Leandro Gimenez Leandro Gimenez · 16 jul 2026 · 9 min de leitura
Grafico de taxa de clique media por canal em 2026, do Google Search ao display

A taxa de clique, ou CTR, mede a fração de pessoas que clicam depois de ver o seu anúncio ou e-mail. Você divide os cliques pelas impressões e multiplica por cem. Segundo a Mailchimp, em 2026 a taxa de clique média de e-mail fica perto de 2,6%, com faixa de 1% a 5% por setor. Aqui você vê como calcular a taxa de clique, o que é um bom número por canal e como melhorar sem inflar métrica de vaidade.

O que é taxa de clique (CTR)?

Taxa de clique (CTR): proporção de pessoas que clicam em relação ao total que viu o anúncio, e-mail ou link. Você expressa o número em porcentagem. Ele mede o poder da sua mensagem de gerar o próximo passo. Assim, quanto maior a taxa de clique, mais eficiente foi o criativo em prender a atenção.

Esse indicador funciona como um termômetro de relevância. Quando o CTR cai, algo na oferta ou no público está fora de sintonia. Por isso o número entra em quase todo relatório de mídia e de e-mail. Ele mostra, cedo, se a campanha vai render ou se precisa de ajuste rápido.

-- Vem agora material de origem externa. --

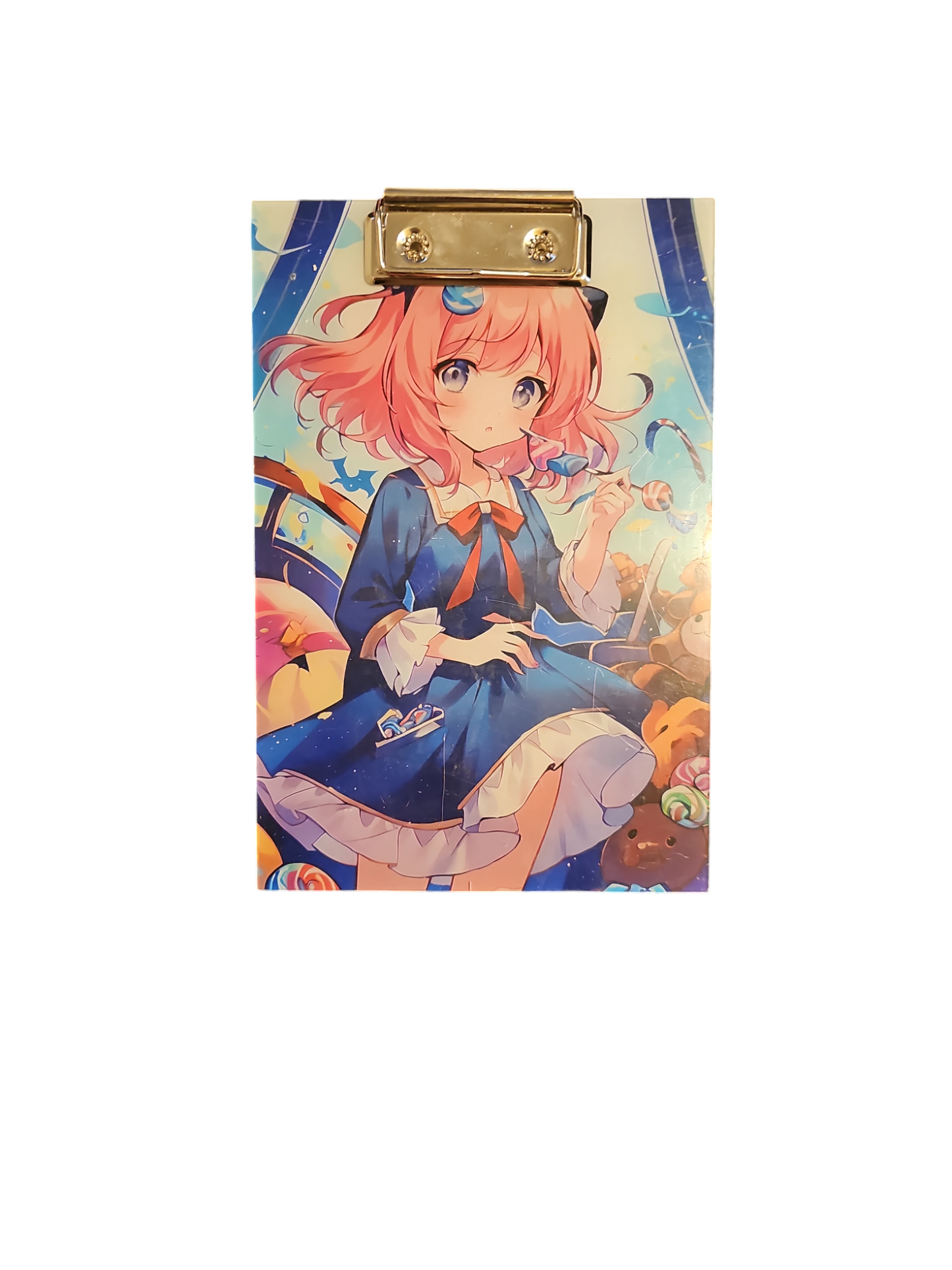 Anya Medium Acrylic Clipboard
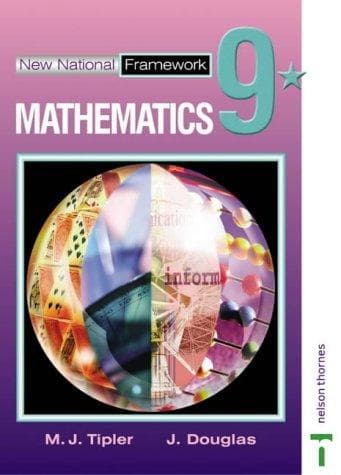 Tapa de New national framework mathematics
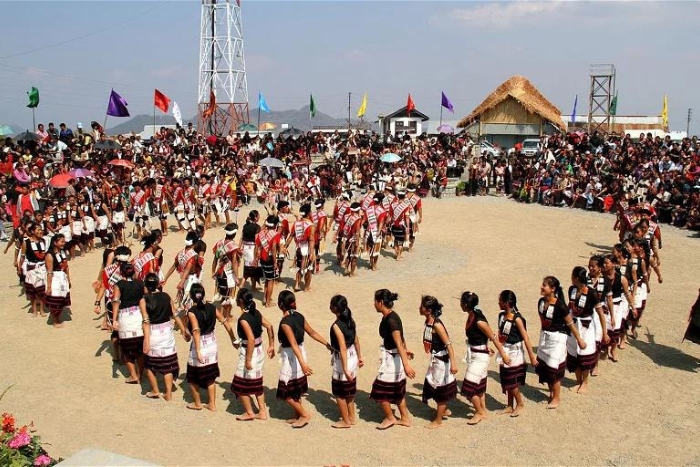 Naga Traditional New Year Festival in Northwest Myanmar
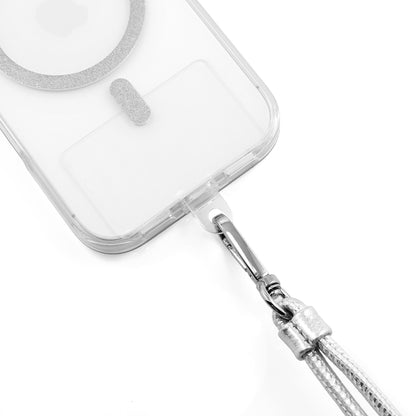 Mag Shoulder Mini Wallet (silver)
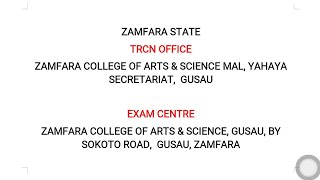 TRCN Offices and Exam Centres in Nigeria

Muita equipe olha só impressão e alcance e ignora o clique. Assim comemora audiência que não age. O CTR corrige essa leitura, porque separa quem viu de quem reagiu. Quando você acompanha o clique por peça, descobre qual criativo merece verba e qual precisa parar.

Vale saber que o clique é só o primeiro passo de uma jornada maior. Depois dele vem a página, a oferta e a decisão de compra. Por isso o CTR abre a porta, mas não fecha a venda sozinho. Quando você entende esse papel, para de tratar o número como meta final. Então o clique vira um sinal de ajuste, e não um troféu de relatório.

Como calcular a taxa de clique?

Divida o número de cliques pelo número de impressões e multiplique por cem. Um exemplo deixa claro. Um anúncio teve 200 cliques em 10 mil impressões. Então a taxa de clique fica em 2%. A conta é simples, e a leitura fica rica quando você separa por canal, público e criativo.

Use recortes para enxergar o que a média esconde, porque o número global engana. O CTR do público novo costuma diferir do público que já conhece a marca. O mesmo vale por formato e por dispositivo. Quando você separa por segmento, descobre onde a mensagem conecta e onde ela passa batido.

Vale distinguir a taxa de clique da taxa de clique por abertura no e-mail. A primeira olha todo mundo que recebeu. A segunda olha só quem abriu, ou seja, mede o interesse de quem já prestou atenção. Como a privacidade inflou as aberturas, o clique virou o sinal mais confiável de engajamento real.

Registre o clique com um bom rastreamento, porque dado sujo engana a leitura. Parâmetros de campanha ajudam a separar a origem de cada clique. Por exemplo, um link marcado mostra qual anúncio trouxe qual visita. Quando o rastreamento está limpo, você confia no número e decide com calma. Assim o relatório vira base de decisão, e não fonte de dúvida na reunião.

Qual é um bom CTR por canal?

Uma boa taxa de clique depende do canal, então comparar tudo junto engana. Segundo a WordStream, em 2026 o Google Search girou perto de 6,6%, enquanto o display ficou perto de 0,5%. A tabela abaixo resume referências úteis por canal.

Canal Taxa de clique de referência
Google Search (rede de busca) cerca de 6,6%
E-mail marketing cerca de 2,6%
Facebook Ads cerca de 1,1%
Google Display cerca de 0,5%

Compare com cuidado, porque cada canal tem uma lógica própria. Segundo a Triple Whale, em 2026 o Facebook Ads fica perto de 1,1% de CTR, e as campanhas de tráfego chegam perto de 1,7%. O buscador entrega intenção mais quente, então o clique sobe. O display alcança gente distraída, então o clique cai por natureza. Por isso um bom número de busca nunca serve de meta para o display.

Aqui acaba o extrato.